(Work required) Start to finish, print the data below exactly, without the images.

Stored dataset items
--
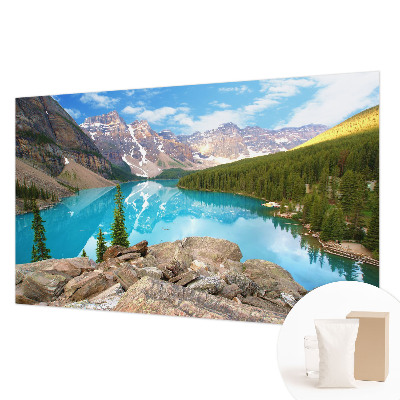 Papier peint panoramique enfant avec un motif de lac bleu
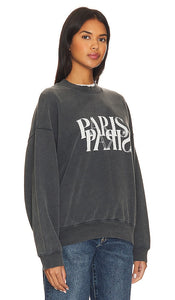 ANINE BING Jaci Paris Sweatshirt in Black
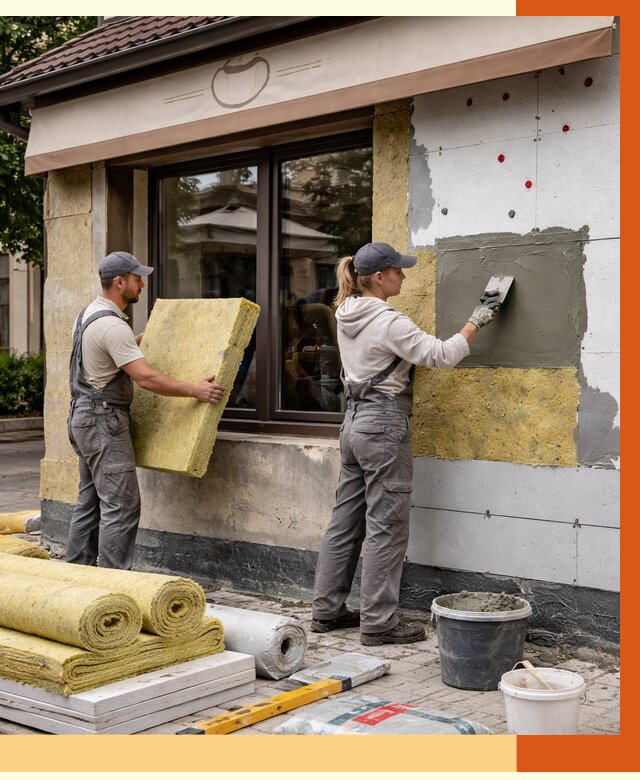 Утепление кафе в Ахтубинске от 4349 руб/м2 — комплексно под ключ | ТепломастерХтб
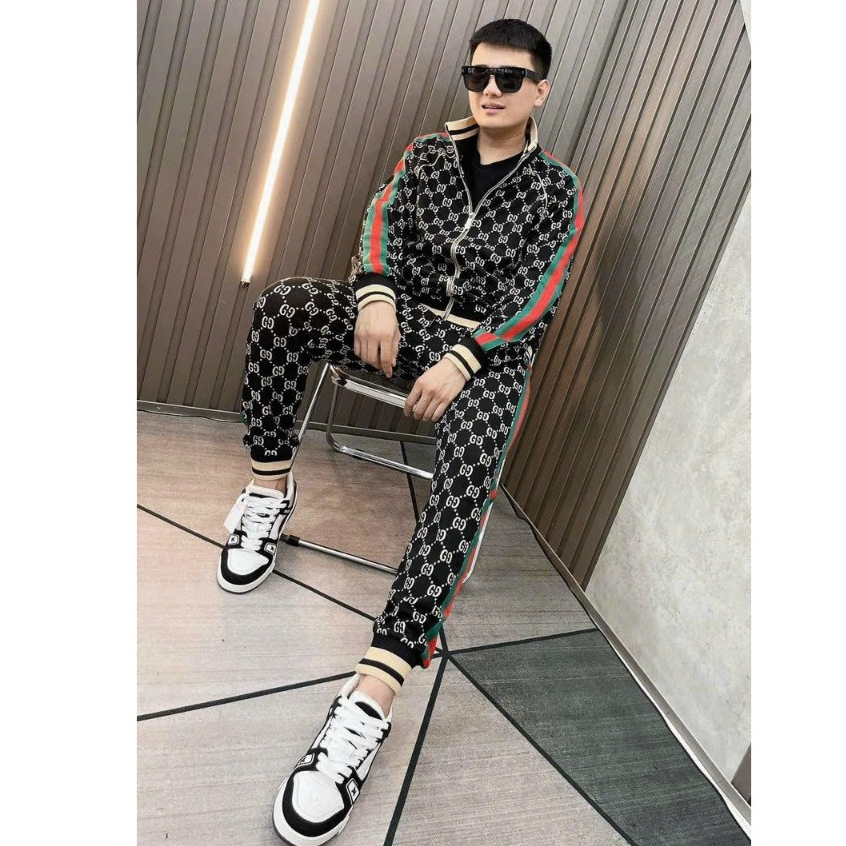Set Thể Thao Nam vân chữ Phối viền vai Khóa Kéo thời trang nam nữ , Nỉ Dày Dặn Trẻ Trung Năng Động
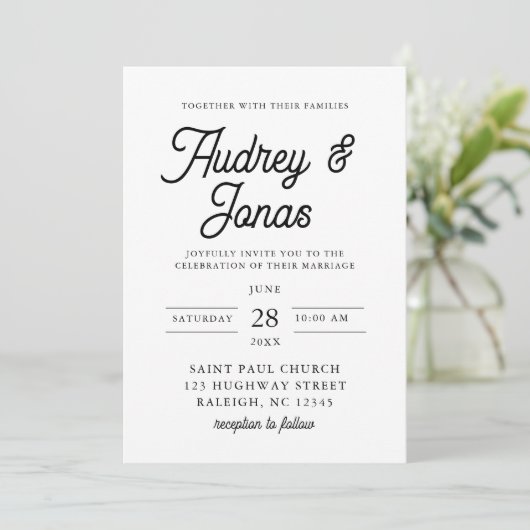 Modernes Minimalistisches Script Schwarz und Weiß Einladung (Stehend Vorderseite)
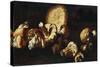 Porcini Mushrooms, Grapes and Figs on a Bank-null-Stretched Canvas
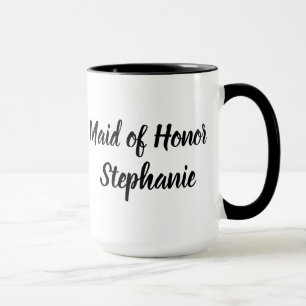 Caneca Madrinha de casamento Black Elegant Script Wedning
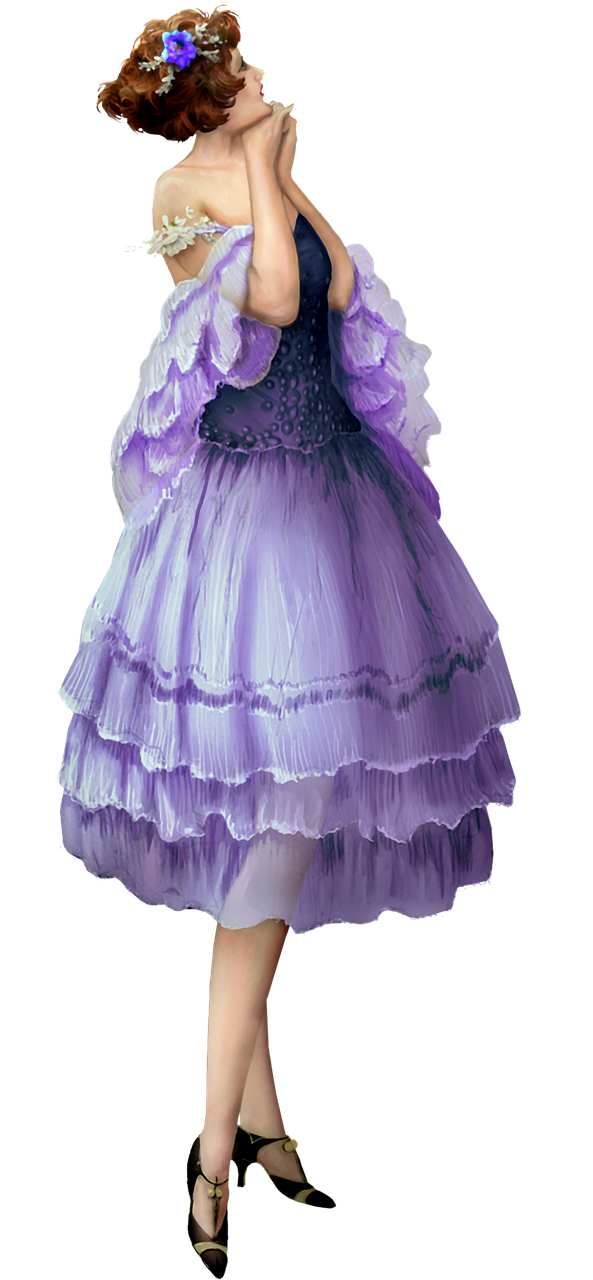 a woman in a purple dress posing for a picture, a raytraced image, inspired by Anna Füssli, polycount, renaissance, rococo ruffles dress, close-up view, wearing a tutu, [ [ hyperrealistic ] ]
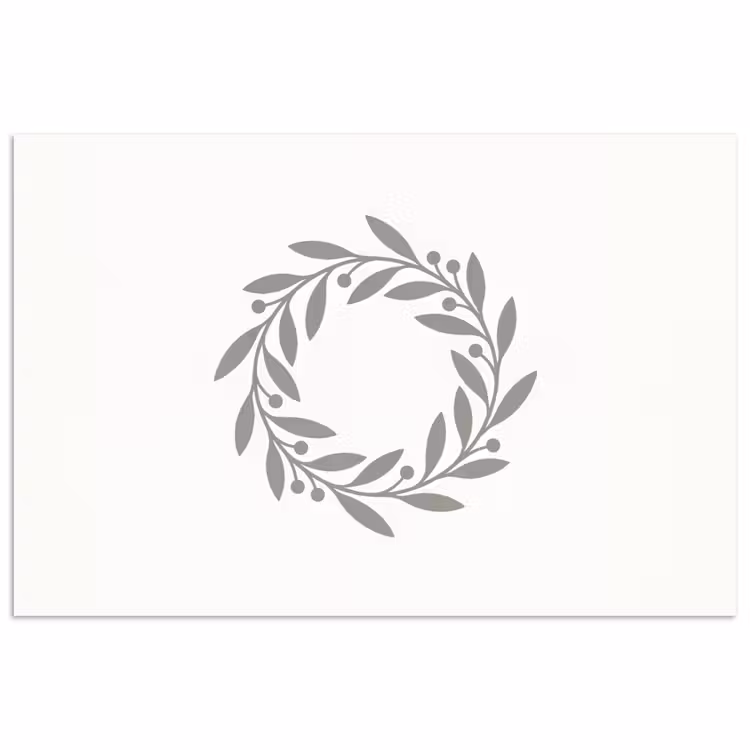 Poster - Krans - Bladeren - Natuur - Minimalistisch - Grijs — 1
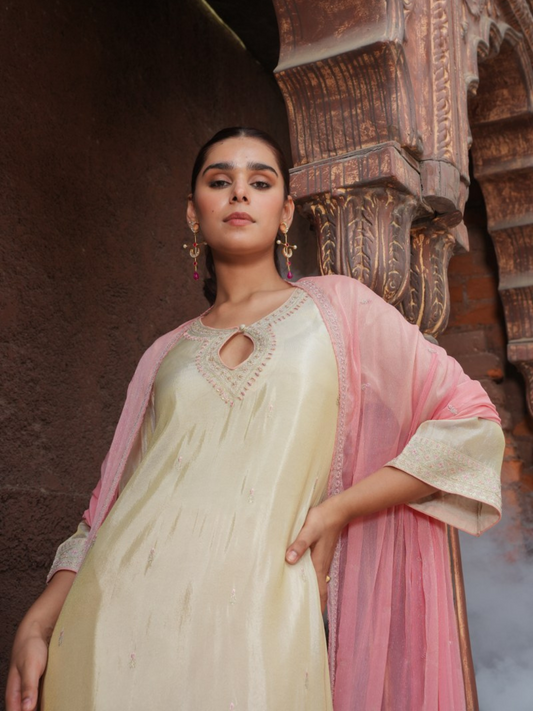 Off-White Embroidered Kurta Set With Pink Dupatta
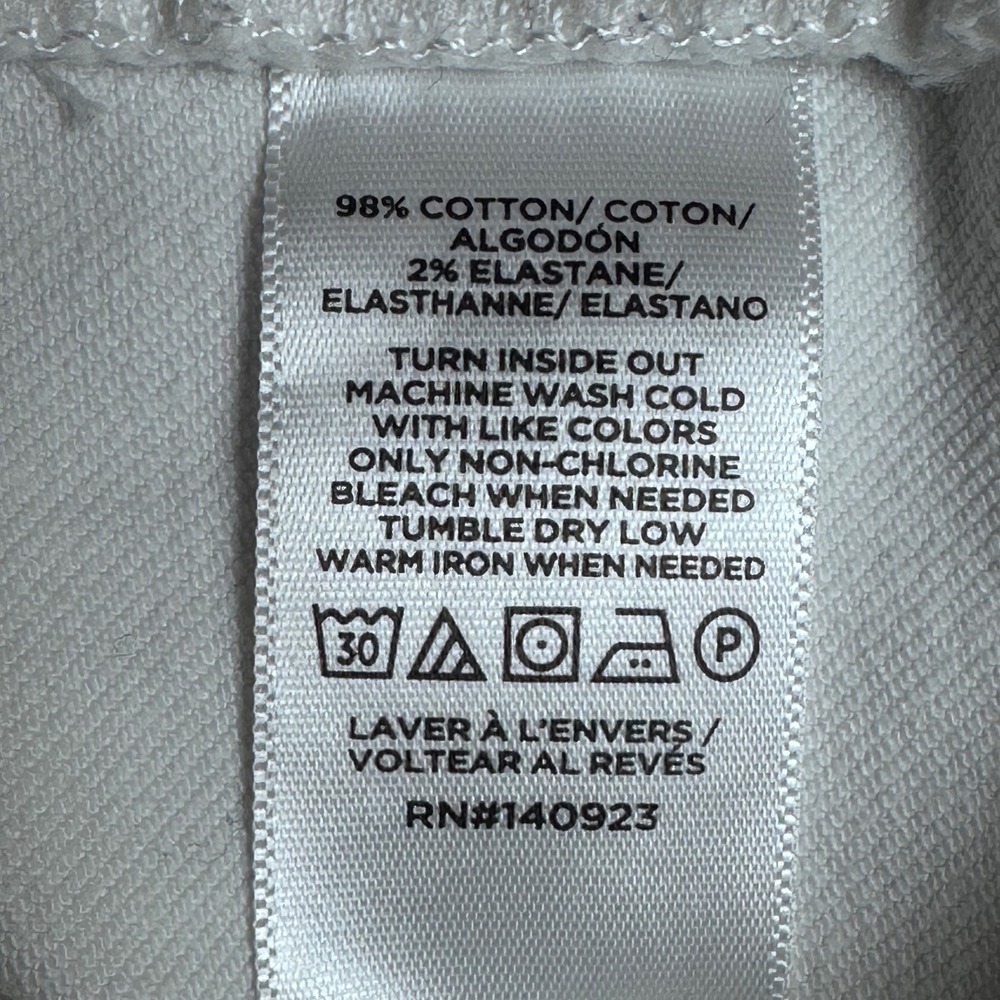 LOFT The Girlfriend Jeans‎ Womens 2 White Cotton Blend Straight Leg Mid Rise - Picture 7 of 8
--
(Written answer)
 Papier peint panoramique enfant avec un motif de lac bleu
 ANINE BING Jaci Paris Sweatshirt in Black
 Утепление кафе в Ахтубинске от 4349 руб/м2 — комплексно под ключ | ТепломастерХтб
Set Thể Thao Nam vân chữ Phối viền vai Khóa Kéo thời trang nam nữ , Nỉ Dày Dặn Trẻ Trung Năng Động
 Modernes Minimalistisches Script Schwarz und Weiß Einladung (Stehend Vorderseite)
 Porcini Mushrooms, Grapes and Figs on a Bank-null-Stretched Canvas
 Caneca Madrinha de casamento Black Elegant Script Wedning
 a woman in a purple dress posing for a picture, a raytraced image, inspired by Anna Füssli, polycount, renaissance, rococo ruffles dress, close-up view, wearing a tutu, [ [ hyperrealistic ] ]
 Poster - Krans - Bladeren - Natuur - Minimalistisch - Grijs — 1
 Off-White Embroidered Kurta Set With Pink Dupatta
 LOFT The Girlfriend Jeans‎ Womens 2 White Cotton Blend Straight Leg Mid Rise - Picture 7 of 8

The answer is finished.